時々、健康診断の二次検診で「尿酸が低い」と指摘されて外来を受診される患者さんがいらっしゃいます。自覚症状や重篤な基礎疾患がなく、尿酸を低下させる薬剤を内服していない場合、腎性低尿酸血症の可能性があります。

◆Key Points◆ ・血清尿酸値が低い(特に、2.0mg/dL未満)場合、腎性低尿酸血症を疑う
・血清尿酸値が2.1~3.0mg/dLの場合は、軽度の腎性低尿酸血症の可能性がある
・腎性低尿酸血症の合併症として、運動後急性腎障害および尿路結石が重要

腎性低尿酸血症の診療アルゴリズム(腎性低尿酸血症診療ガイドライン 日本痛風・核酸代謝学会 より引用)

 

腎性低尿酸血症(renal hypouricemia; RHUC)

・日本人に多く、有病率は日本人の0.3%程度と推定

・原因:腎尿細管上皮細胞における尿酸排泄亢進(再吸収不全)

・機序:腎尿細管上皮細胞における尿酸再吸収輸送体遺伝子の機能消失型遺伝子変異

    URAT1/SLC22A12の変異(=RHUC1)

    GLUT9/SLC2A9の変異(=RHUC2)

 

診断:

 腎性低尿酸血症の診断指針(腎性低尿酸血症診療ガイドライン 日本痛風・核酸代謝学会)を参照

 FEUA

 外来でも血液検査、尿生化学(随時尿でも可)検査ができれば、FEUAの測定は簡便です。

FEUAの計算式、正常範囲は下記の通りです。

 FEUA=(UUA×SCre)÷(SUA×UCre)×100

  正常値:8.3 (5.5~11.1)%

  FEUAは、RHUC1では30~70%、RHUC2では100%以上となることが多い

 

腎性低尿酸血症の鑑別疾患

 低尿酸血症の機序として、尿酸の排泄亢進と、産生低下の2つがあります。

 しかし、いずれも自覚症状や全身状態から鑑別が可能なものや、非常に稀な遺伝性の疾患ばかりです。

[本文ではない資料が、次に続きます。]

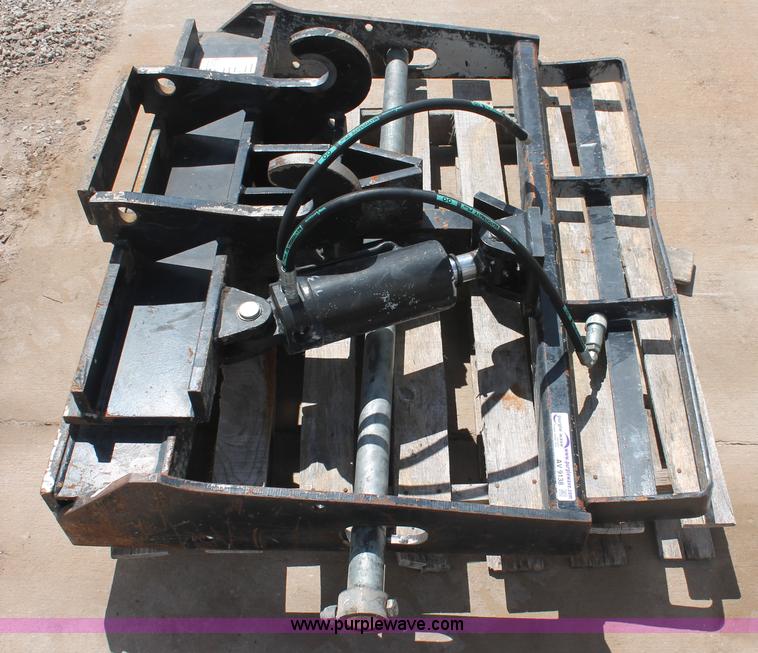 image for item AV9138 2004 Lull Sky Trak 48" hydraulic tilt carriage mast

腎性低尿酸血症の診療アルゴリズム(腎性低尿酸血症診療ガイドライン 日本痛風・核酸代謝学会 より引用)

 

合併症・問題点、その対策

 ・運動後急性腎不全(acute renal failure with severe loin pain and patchy renal ischemia after anaerobic exercise; ALPE)

 ・尿路結石

対策(生活指導)

・水分摂取を増やす(特に運動前)

・過激な運動は控える

・非ステロイド性抗炎症薬(NSAIDs)内服時は運動を控える

 

(参考文献)

腎性低尿酸血症診療ガイドライン 日本痛風・核酸代謝学会 痛風と核酸代謝 2018; 42: 1-51. (PDF)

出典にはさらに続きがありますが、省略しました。